Supplied material START

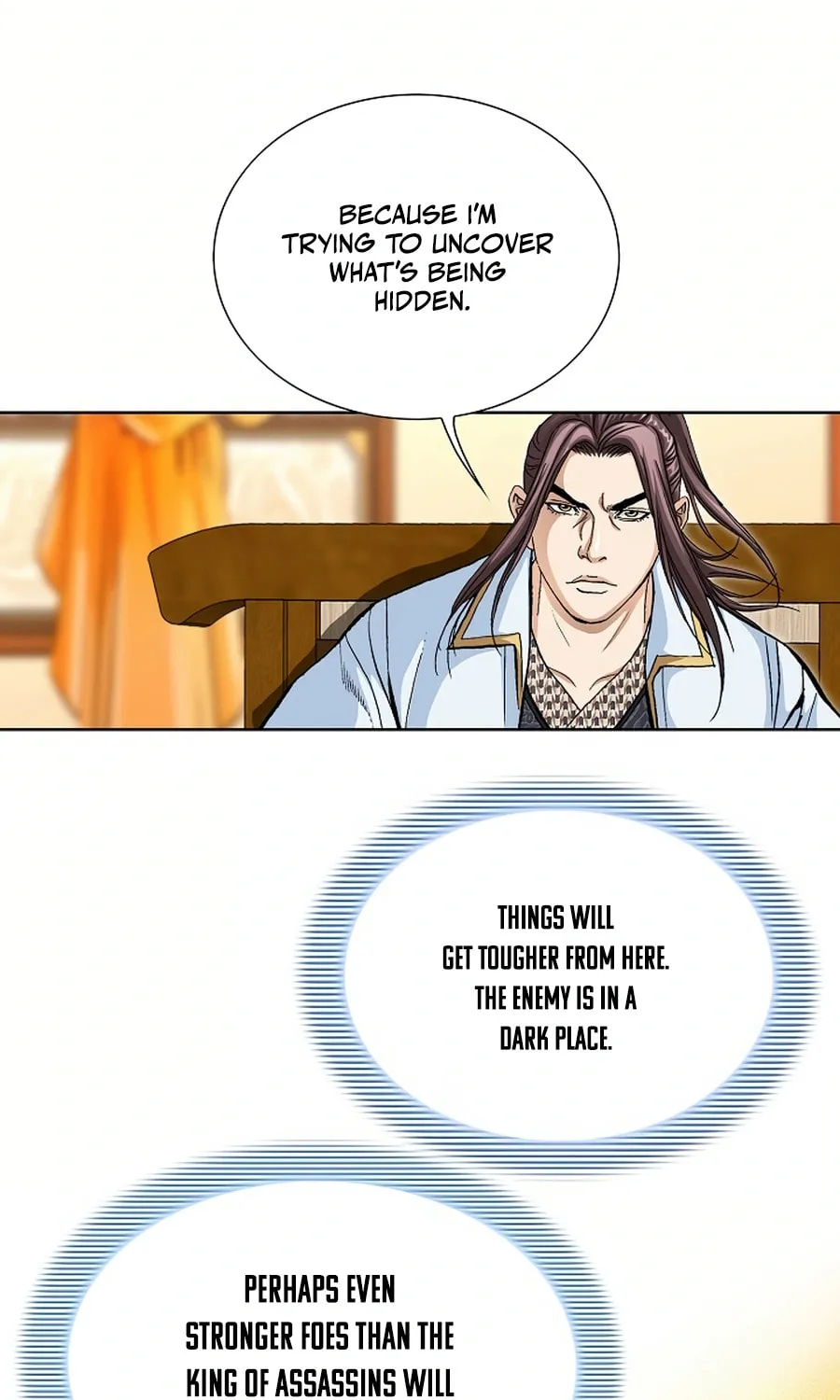 Read Matchless (Hwangseong) chapter 58 image 26 on Lezhin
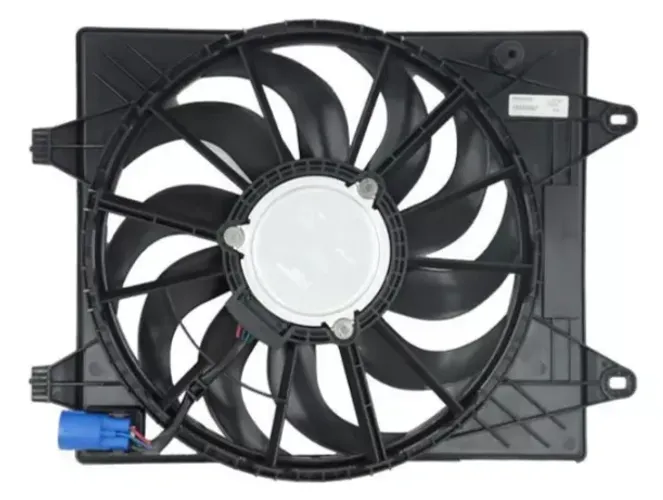 Gmv Eletroventilador Fiat Uno 1.3 2017 2018 2019 2020 Gate
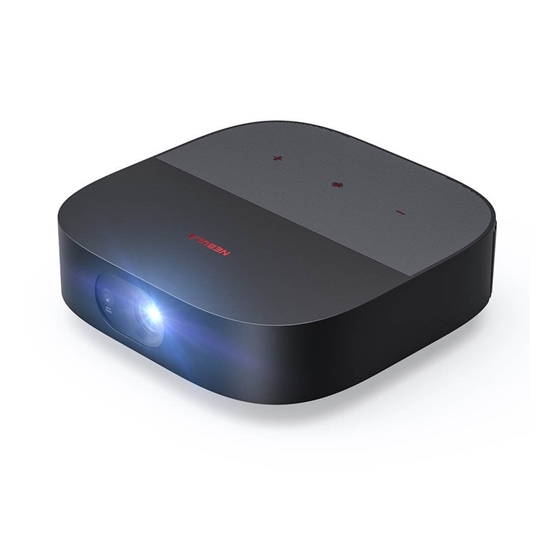 Picture of Anker Nebula Vega 1080P FHD Portable Projector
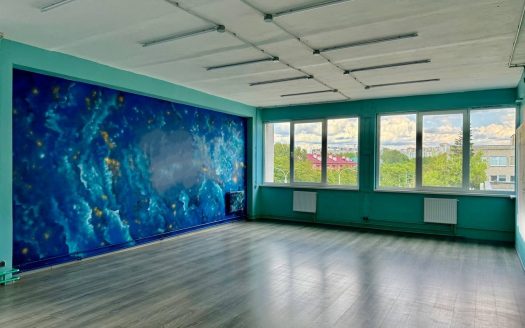 Аренда помещения под офис площадью 172,47 кв.м. по ул. Железнодорожная, 27 в Минске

Supplied material END

Exercise instructions:
Transcribe all the material exactly; skip every image.

The completed task:
 Read Matchless (Hwangseong) chapter 58 image 26 on Lezhin
 Gmv Eletroventilador Fiat Uno 1.3 2017 2018 2019 2020 Gate
 Picture of Anker Nebula Vega 1080P FHD Portable Projector
 Аренда помещения под офис площадью 172,47 кв.м. по ул. Железнодорожная, 27 в Минске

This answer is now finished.